## Supplied material
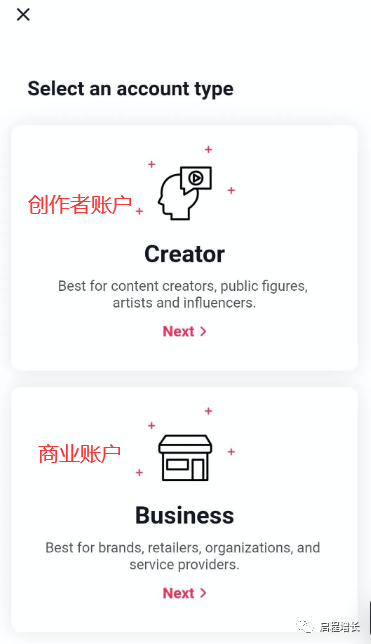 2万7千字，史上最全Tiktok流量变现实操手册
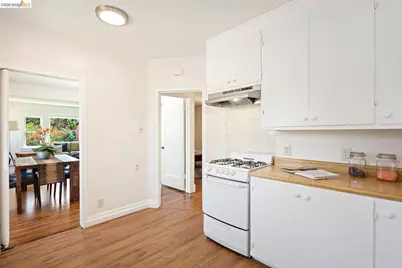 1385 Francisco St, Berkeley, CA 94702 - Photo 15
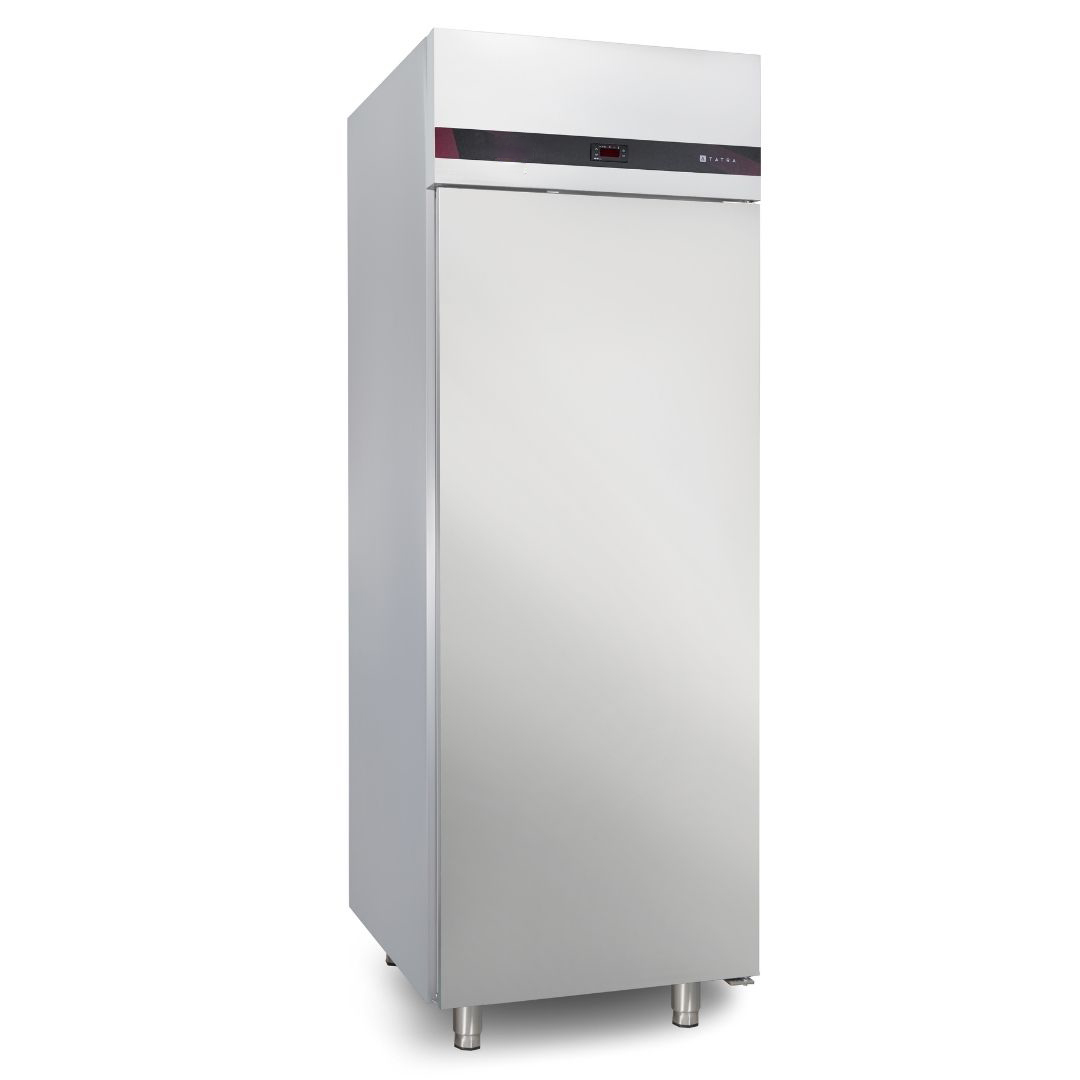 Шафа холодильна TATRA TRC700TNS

## Brief
Retype the whole listing. Keep every word exact but include no pictures.

## Solution for this exercise
 2万7千字，史上最全Tiktok流量变现实操手册
 1385 Francisco St, Berkeley, CA 94702 - Photo 15
 Шафа холодильна TATRA TRC700TNS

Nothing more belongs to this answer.